Selective non-enforcement of laws tilts the scale of justice.
The purpose of our laws is to control people’s conduct, and that especially pertains to those in government, but as enforcement becomes intertwined with other governmental agencies, the enforcement over governmental actions can become lax, and the adherence to the laws that govern the government’s action gradually ends, even though the laws may still remain on the books.
Such has become the fate of some of the laws intended to control the transactions of local governments. Laws governing governments generally were enacted to assure local residents and state authorities that the local authorities are being financially honest, accountable and with verifiable means to assure continued adherence to those laws. However, when laws which require audits, separation of funds and approved referendums to change a charter ordinance are selectively ignored by local area governments the credibility of that governments is questioned. Local governments ignoring state statutes is a serious problem, that is compounded when those whose responsibility it is to prosecute them do not, but remain silent in the face of obvious violations of those laws.
In the City of Lake Geneva and in the Town of Linn state statutes have been ignored with nothing being done. The problem is even more serious than the laws that have been broken because it sets a pattern that opens the door to ignoring even more laws that are intended to control and restrict the authority of those running our local governments. The laws were enacted, often with penalties to assure compliance, because when they are ignored problems like the $100,000 library theft in the City of Lake Geneva, or the more recent salt scandal, happen all the time. The real depth of the corruption that those issues exposed were covered up, and the blame put on a couple of scapegoats, who got off lightly by keeping silent.
What good are laws that are ignored, unenforced and where violators are not properly prosecuted?
The law requires the City of Lake Geneva to keep all transportation funds and transportation charges against the transportation fund in separate and segregated accounts, but that is not done. When auditors are questioned as to why it is not done, the city says other cities are doing the same thing. That is like saying cheating or theft is OK because others are doing it. For the Town of Linn, there are multiple intertwined State Statutes that appear to be violated in connection with the combined Clerk/Treasurer positions and required audits. Why does the City of Lake Geneva continue to comingle the transportation funds and not segregate them as required by law, and why does the Town of Linn appear to not comply with the State Statutes regarding the Clerk/Treasurer position?

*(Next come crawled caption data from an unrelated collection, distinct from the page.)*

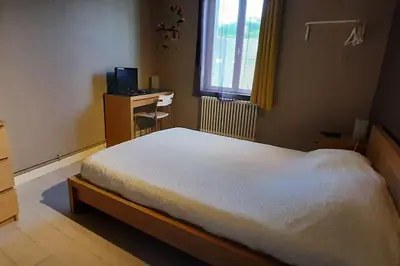 Un ou plusieurs lits dans un hébergement de l'établissement Vaste appartement LE FAMILY avec vue sur la Vienne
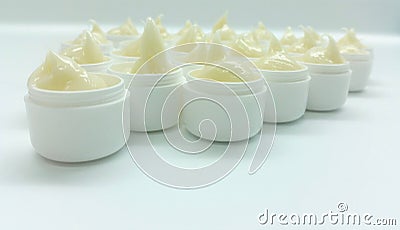 Preparation of lip ointments in pharmacy Stock Photo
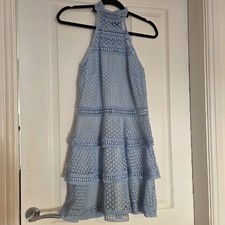 PrettyLittleThing Baby Blue Tiered Lace Dress Size 8 Excellent Condition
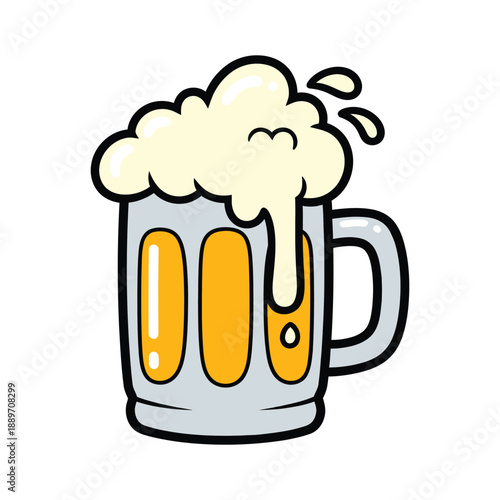A cartoon illustration of a beer mug with foam overflowing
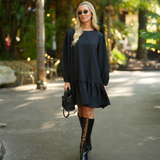 BE TRUE DRESS BLACK & LEOPARD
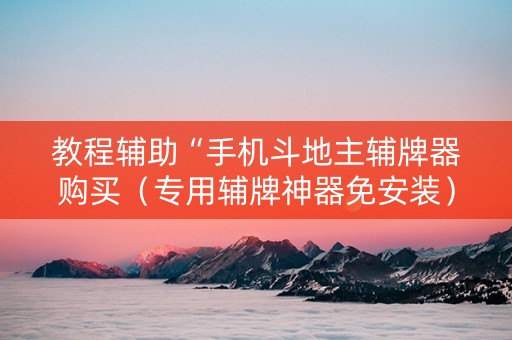 教程辅助“手机斗地主辅牌器购买（专用辅牌神器免安装）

The answer is they don’t have to comply because they know that neither the county nor the state will prosecute them for not following these laws. Why are these laws not enforced? The choice to enforce or to not enforce gives enforcement leverage over those on whom it could be enforced. What happens if one presses hard enough to have one of these laws enforced on government? Perhaps the government will solve the problem by changing the law and non-enforcement loses its influence. New leadership in both Town of Linn and Lake Geneva will certainly help minimize negative impact, but still, the letter of the law must be respected and followed.